Season
- Races: 18
- Start date: March 18
- End date: October 28

Awards
- National champion: Tom Sneva
- Indianapolis 500 winner: Al Unser

= 1978 USAC Championship Car season =

Sports season

The 1978 USAC Championship Car season consisted of 18 races, beginning at Phoenix on March 18 and concluding at the same location on October 28. The USAC National Champion was Tom Sneva and the Indianapolis 500 winner was Al Unser. This was the last year before the first USAC/CART "Split". By winning the Indianapolis 500, Pocono 500, and California 500, Al Unser swept the Indy car "Triple Crown", the only driver in history to do so.
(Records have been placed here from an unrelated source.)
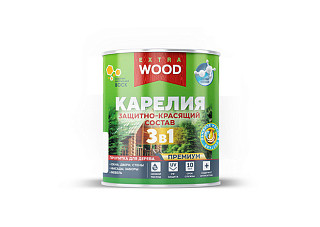 Защитно-красящий состав 3 в 1 FARBITEX PROFI WOOD EXTRA Карелия Груша (0,75л) 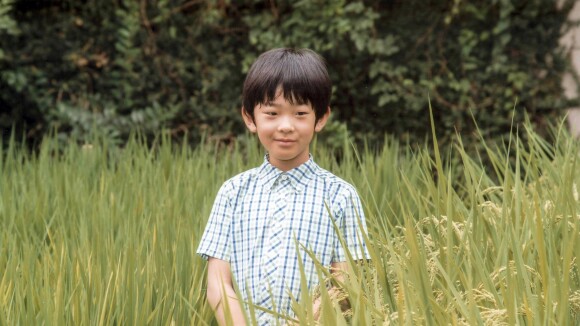 Le prince Hisahito du Japon, fils du prince Fumihito d'Akishino, lors de ses 10 ans le 6 septembre 2016 au palais d'Akasaka à Tokyo.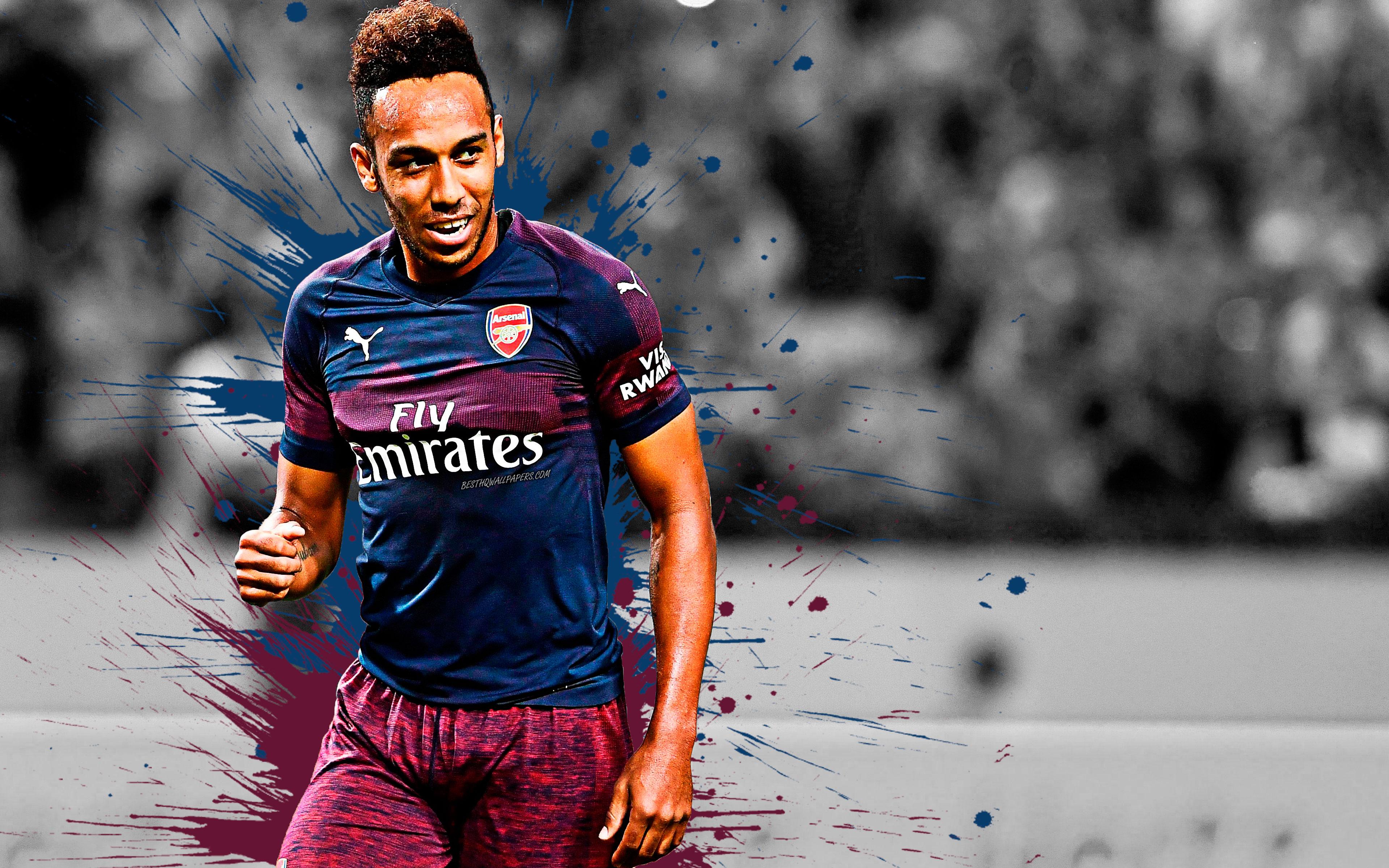 3840x2400 Pierre Emerick Aubameyang, Arsenal F.C., Soccer Wallpaper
The 1978 season is also statistically noteworthy. Danny Ongais won the most races (5), and Al Unser swept the triple crown races, but it was Tom Sneva (who did not win a single race) who won the championship title. Sneva had six 2nd place finishes, and twelve top 5s, and seven poles (including Indianapolis and Ontario), and experienced more consistent finishes. Sneva became the second driver to win the USAC championship without winning a race during the season, the last being Tony Bettenhausen in 1958. Sneva's "winless" championship was not without its critics, however, a statistician calculated points results using contemporary points tables from other major racing series, and concluded that Sneva would have still won the title in nearly every scenario.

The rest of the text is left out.